Records excerpted from a collection

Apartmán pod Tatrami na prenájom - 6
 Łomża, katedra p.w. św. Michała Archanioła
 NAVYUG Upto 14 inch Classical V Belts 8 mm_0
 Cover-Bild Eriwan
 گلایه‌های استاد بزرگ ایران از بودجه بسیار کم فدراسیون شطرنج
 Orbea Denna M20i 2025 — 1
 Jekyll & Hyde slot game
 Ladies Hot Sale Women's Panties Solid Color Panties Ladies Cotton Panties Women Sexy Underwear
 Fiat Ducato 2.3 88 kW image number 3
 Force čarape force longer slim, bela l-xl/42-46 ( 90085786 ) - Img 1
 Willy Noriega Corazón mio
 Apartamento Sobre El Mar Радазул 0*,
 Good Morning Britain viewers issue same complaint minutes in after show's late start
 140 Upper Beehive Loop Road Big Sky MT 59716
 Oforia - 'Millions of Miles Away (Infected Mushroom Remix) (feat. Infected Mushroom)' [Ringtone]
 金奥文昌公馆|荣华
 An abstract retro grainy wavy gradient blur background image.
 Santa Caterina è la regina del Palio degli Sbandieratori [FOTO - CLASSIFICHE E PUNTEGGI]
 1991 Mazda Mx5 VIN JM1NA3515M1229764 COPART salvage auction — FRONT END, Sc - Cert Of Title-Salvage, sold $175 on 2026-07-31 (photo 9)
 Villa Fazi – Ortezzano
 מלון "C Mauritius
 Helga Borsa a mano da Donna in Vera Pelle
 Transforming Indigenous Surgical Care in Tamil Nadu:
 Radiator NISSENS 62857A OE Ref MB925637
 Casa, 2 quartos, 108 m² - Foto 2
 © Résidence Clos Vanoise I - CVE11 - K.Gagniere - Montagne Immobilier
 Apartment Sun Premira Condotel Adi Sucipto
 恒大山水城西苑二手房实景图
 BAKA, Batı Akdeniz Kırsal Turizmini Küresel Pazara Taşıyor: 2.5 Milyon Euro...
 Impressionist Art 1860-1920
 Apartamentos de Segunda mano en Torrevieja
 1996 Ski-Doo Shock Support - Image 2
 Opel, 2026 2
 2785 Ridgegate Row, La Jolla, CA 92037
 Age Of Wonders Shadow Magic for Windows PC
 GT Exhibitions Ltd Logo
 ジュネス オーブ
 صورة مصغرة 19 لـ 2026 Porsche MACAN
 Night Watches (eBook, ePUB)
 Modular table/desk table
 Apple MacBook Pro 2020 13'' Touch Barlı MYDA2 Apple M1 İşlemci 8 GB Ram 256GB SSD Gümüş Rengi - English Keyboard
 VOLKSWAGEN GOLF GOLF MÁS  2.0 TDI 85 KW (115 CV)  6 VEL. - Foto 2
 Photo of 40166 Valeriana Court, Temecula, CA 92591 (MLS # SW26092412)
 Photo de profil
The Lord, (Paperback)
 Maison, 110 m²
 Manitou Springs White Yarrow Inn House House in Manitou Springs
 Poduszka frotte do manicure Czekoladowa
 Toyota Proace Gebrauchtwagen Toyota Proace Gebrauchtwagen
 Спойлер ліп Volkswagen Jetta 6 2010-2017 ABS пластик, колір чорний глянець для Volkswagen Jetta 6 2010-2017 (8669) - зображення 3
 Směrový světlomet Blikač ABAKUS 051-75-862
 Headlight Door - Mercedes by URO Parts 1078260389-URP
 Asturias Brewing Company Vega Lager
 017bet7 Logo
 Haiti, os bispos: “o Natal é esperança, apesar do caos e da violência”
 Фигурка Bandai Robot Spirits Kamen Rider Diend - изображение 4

__Your task__
Your answer should be the records themselves, returned word for word.

__Output for this exercise__
Apartmán pod Tatrami na prenájom - 6
 Łomża, katedra p.w. św. Michała Archanioła
 NAVYUG Upto 14 inch Classical V Belts 8 mm_0
 Cover-Bild Eriwan
 گلایه‌های استاد بزرگ ایران از بودجه بسیار کم فدراسیون شطرنج
 Orbea Denna M20i 2025 — 1
 Jekyll & Hyde slot game
 Ladies Hot Sale Women's Panties Solid Color Panties Ladies Cotton Panties Women Sexy Underwear
 Fiat Ducato 2.3 88 kW image number 3
 Force čarape force longer slim, bela l-xl/42-46 ( 90085786 ) - Img 1
 Willy Noriega Corazón mio
 Apartamento Sobre El Mar Радазул 0*,
 Good Morning Britain viewers issue same complaint minutes in after show's late start
 140 Upper Beehive Loop Road Big Sky MT 59716
 Oforia - 'Millions of Miles Away (Infected Mushroom Remix) (feat. Infected Mushroom)' [Ringtone]
 金奥文昌公馆|荣华
 An abstract retro grainy wavy gradient blur background image.
 Santa Caterina è la regina del Palio degli Sbandieratori [FOTO - CLASSIFICHE E PUNTEGGI]
 1991 Mazda Mx5 VIN JM1NA3515M1229764 COPART salvage auction — FRONT END, Sc - Cert Of Title-Salvage, sold $175 on 2026-07-31 (photo 9)
 Villa Fazi – Ortezzano
 מלון "C Mauritius
 Helga Borsa a mano da Donna in Vera Pelle
 Transforming Indigenous Surgical Care in Tamil Nadu:
 Radiator NISSENS 62857A OE Ref MB925637
 Casa, 2 quartos, 108 m² - Foto 2
 © Résidence Clos Vanoise I - CVE11 - K.Gagniere - Montagne Immobilier
 Apartment Sun Premira Condotel Adi Sucipto
 恒大山水城西苑二手房实景图
 BAKA, Batı Akdeniz Kırsal Turizmini Küresel Pazara Taşıyor: 2.5 Milyon Euro...
 Impressionist Art 1860-1920
 Apartamentos de Segunda mano en Torrevieja
 1996 Ski-Doo Shock Support - Image 2
 Opel, 2026 2
 2785 Ridgegate Row, La Jolla, CA 92037
 Age Of Wonders Shadow Magic for Windows PC
 GT Exhibitions Ltd Logo
 ジュネス オーブ
 صورة مصغرة 19 لـ 2026 Porsche MACAN
 Night Watches (eBook, ePUB)
 Modular table/desk table
 Apple MacBook Pro 2020 13'' Touch Barlı MYDA2 Apple M1 İşlemci 8 GB Ram 256GB SSD Gümüş Rengi - English Keyboard
 VOLKSWAGEN GOLF GOLF MÁS  2.0 TDI 85 KW (115 CV)  6 VEL. - Foto 2
 Photo of 40166 Valeriana Court, Temecula, CA 92591 (MLS # SW26092412)
 Photo de profil
The Lord, (Paperback)
 Maison, 110 m²
 Manitou Springs White Yarrow Inn House House in Manitou Springs
 Poduszka frotte do manicure Czekoladowa
 Toyota Proace Gebrauchtwagen Toyota Proace Gebrauchtwagen
 Спойлер ліп Volkswagen Jetta 6 2010-2017 ABS пластик, колір чорний глянець для Volkswagen Jetta 6 2010-2017 (8669) - зображення 3
 Směrový světlomet Blikač ABAKUS 051-75-862
 Headlight Door - Mercedes by URO Parts 1078260389-URP
 Asturias Brewing Company Vega Lager
 017bet7 Logo
 Haiti, os bispos: “o Natal é esperança, apesar do caos e da violência”
 Фигурка Bandai Robot Spirits Kamen Rider Diend - изображение 4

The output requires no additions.